Tag drei in unserem Aktivurlaub in der Outdoorregion Kaiserwinkl. Und heute – nein, heute bleibt das Bike im Keller – heute geht’s gleich am Morgen zu Fuß auf die Harauer Spitze.
Nach dem Frühstück packen wir nun doch die Bikes kurz aus, allerdings nur, um von unserem Hotel, dem Seehof in Kössen-Kranzach nach Walchsee zu fahren. Vorbei am morgendlichen See und der beinahe schon zur Routine gewordenen Bewunderung für die Wasserski-Fahrer, die bereits um diese Zeit Fontänen aus dem stillen See in den Himmel werfen.
Wir parken unser Bike gleich am Ortseingang und beginnen unser kleine Morgentour gegenüber vom Hotel Bellevue – durch das »Gartentürl« Richtung Kunstwanderweg Kalvarienberg. Von dort führt der Weg über die Wiese Richtung Wald und hier sehr engagiert im Wald nach oben. Der Regen der letzten Nacht sorgt hier für ein unglaublich angenehmes Klima, jeder Atemzug ist voller Duft, Energie und Frische.
Alle Sinne im Einsatz
Die beste Begleiterin und ich kommen sehr schnell wieder ins philosophieren, während wir uns dem noch leicht rutschigen Waldweg nach oben „arbeiten“ schnell auf Betriebstemperatur kommen und unser normales Bergauf-Tempo erreichen. Wir gehen schnell, aber immer mit dem Blick für Details, mit dem offenen Annehmen aller Geschenke, die uns die Natur auf einer Tour bereitet – egal, ob leichte Morgenwanderung oder Hochtour.
Das Gehen am Berg ist das ultimative Erlebnis mit allen Sinnen: sensorisch wird den Füßen das Adaptieren an diverse Untergründe abverlangt – ob Wurzeln, Steine oder schwingender Waldboden. Die Hände streifen über nasses Morgengras, halten sich an noch feuchten Steinen fest, nehmen die Energie aus all diesen Naturkörpern auf. Die Augen sind gefordert, einerseits mit dem Weg, aber auch mit den Fernblicken über diese herrliche Landschaft, um dann doch wieder das blühende Heidekraut oder ein futuristisches Pilzgebilde an einem morschen Baumstamm zu entdecken. Der Hörsinn nimmt die Schritte auf, die Geräusche aus dem Wald, den Ruf eines Raben, der plötzlich auf einem Ast über uns sitzt, die Nase nimmt feinste, unterschiedliche Düfte auf – vor allem, im feuchten Morgenwald. Was für ein Sinnesgenuss!

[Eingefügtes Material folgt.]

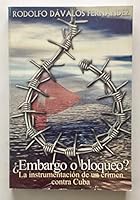 Embargo o Bloqueo? La instrumentacion de un crimen contra Cuba 9592114064 Book Cover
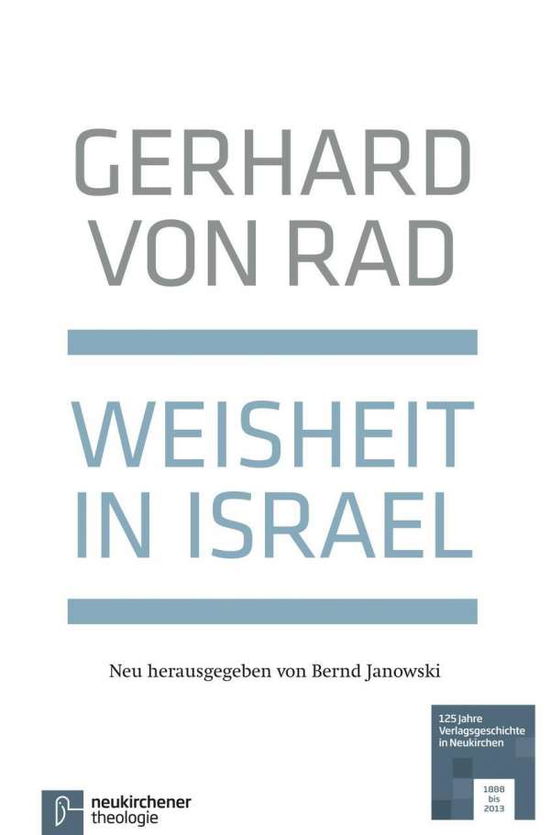 Cover for Gerhard Von Rad · Weisheit in Israel: Mit einem Anhang neu herausgegeben von Bernd Janowski (Hardcover Book) (2013)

»Eigentlich ziemlich steil«, denken wir uns und schon wechselt das Gelände in einen sanften Feldweg, der dann in einen Waldboden-Grat übergeht, den wir – mit wenigen Höhenmetern – entlanggehen.
Beinahe viel zu schnell sehen wir schon den letzten, kleinen Anstieg und das Ziel unserer Morgenwanderung – die Harauer Spitze. Wobei das eigentliche Ziel dann die Harauer Alm ist, dort gönnen wir uns ein – alkoholfreies – Gipfelbier, welches von der sehr freundlichen Wirtin serviert wird. Der Abstieg über den Forstweg bis zur Abzweigung zum Josefstal legen wir dann schon fast wieder im üblichen Trailrunning-Tempo zurück.
Maria & Josef
Das letzte Stück, welches dann vom Forstweg rechts in Richtung Walchsee abbiegt, genießen wir wieder sehr still und beinahe wie in Trance. Das Josefstal, mit kleinem Bächlein, liebevollen Kapellen und kurzen Fels-Trails ist ein wunderschöner Abschluss dieser kleinen Tour. Das letzte Stück entlang des Walchsees nutzen wir, um unsere Eindrücke auszutauschen. Denn Berggehen ist für mich eines – ein intensives Erlebnis für mich alleine, welches man gerne mit wunderbaren Kameraden und „besten Begleiterinnen von allen“ teilt.